Halk dilinde kadınların sabır taşının çatladığı anlarda öfkeyle söyledikleri bir söz vardır : “Saçlarımı senin için süpürge ettim.” Bu sözün hakkını vermeli elbette. Kadınların fedakârlıklarını ,cefalarını uzun uzun anlatır bu basit cümle.
Bakınız Birhan Keskin ne diyor :
“Kalbimden ayağınaydı yolum/...söktüm senindir, sana bağışladım/ ağaran saçımı, senindir, al.”

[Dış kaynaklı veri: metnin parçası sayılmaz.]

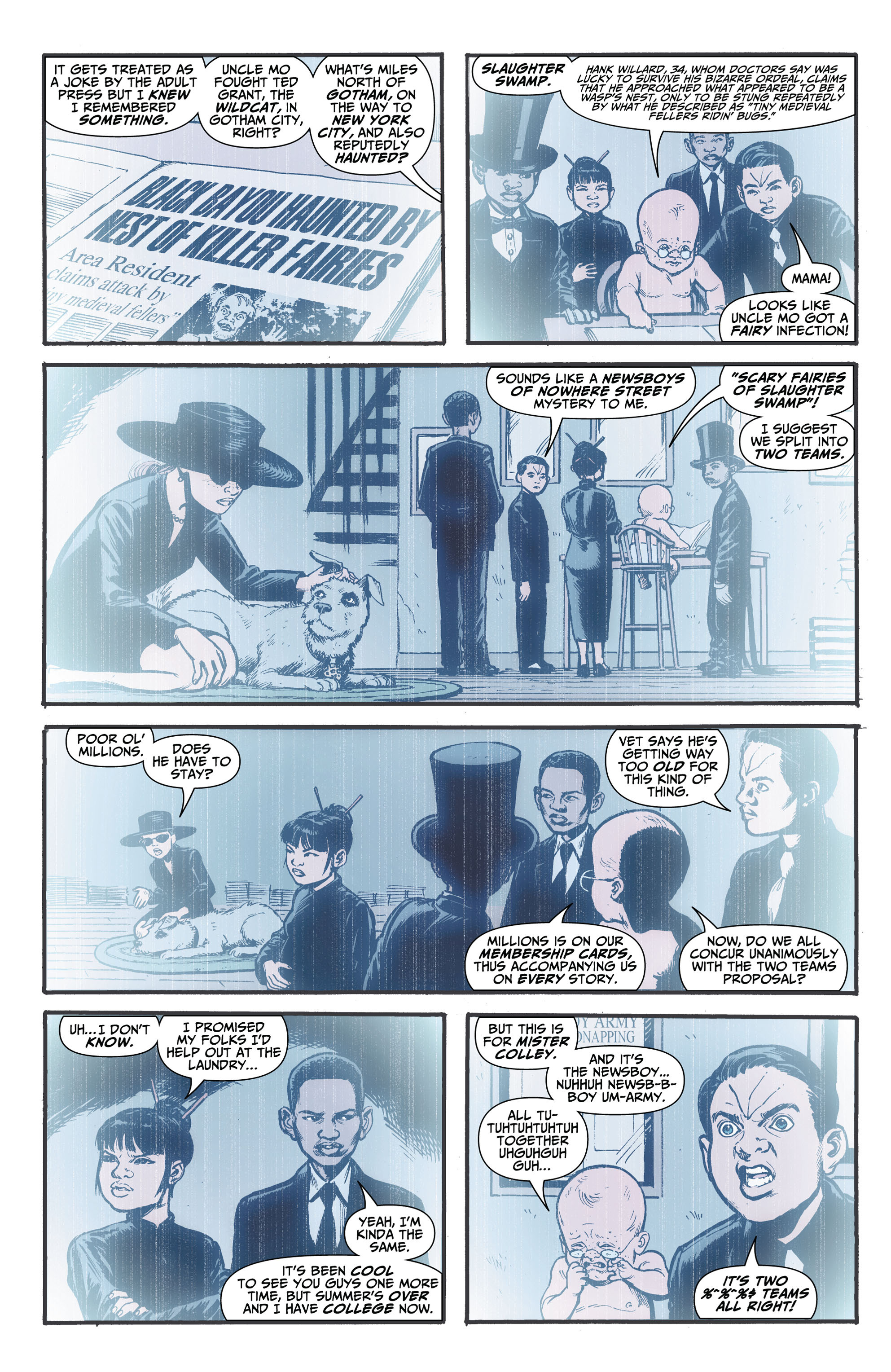 Read online Seven Soldiers of Victory comic -  Issue # TPB 1 (Part 4) - 58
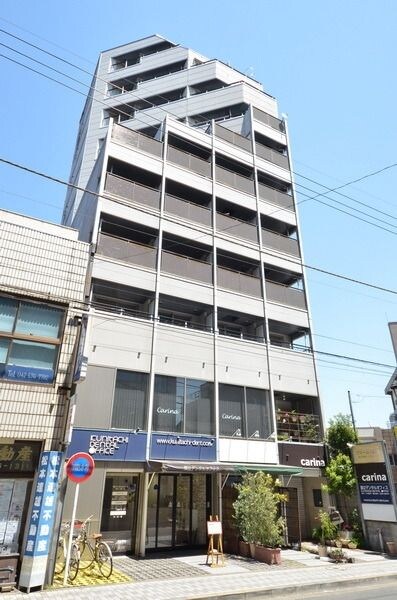 ヴルーム国立の物件外観写真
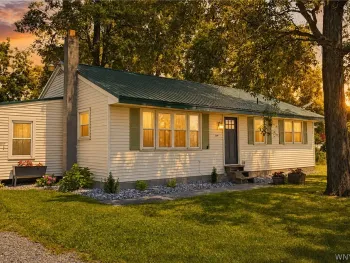 Property at 2169 Peoria Road, Leicester, NY 14481
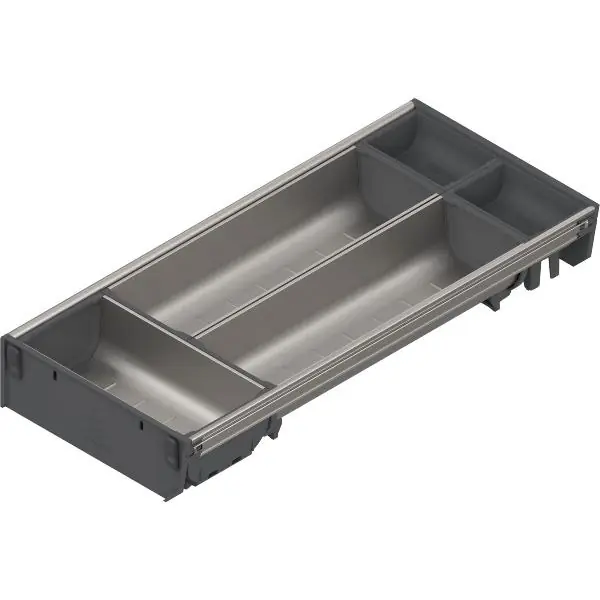 BLUM ORGA-LINE ZSI.450BI2N příborník, délka 450 mm Vysoce Kvalitní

Sevdiğiniz uğruna her şeye katlanmak aşkın kaçıncı boyutu acaba? Sevgide ,aşkta adaleti ve eşitliği istemeyecek kadın yoktur ama eskiden beri var olan sevgide ,birliktelikte kadın köleliği Birhan Keskin’den önce halk şiirinde de karşımıza çıkıyor
“Ben canım esirgemem yar senden/ Götür sat pazara kölem var diyü”
Aynı kültürle çevrelenmiş kadınlar olarak bizler ,Birhan Keskin’in deyişiyle Barbar’ız .Aşkına bağlı ,inanan, unutmayan ,bağışlayan ,vazgeçmeyen …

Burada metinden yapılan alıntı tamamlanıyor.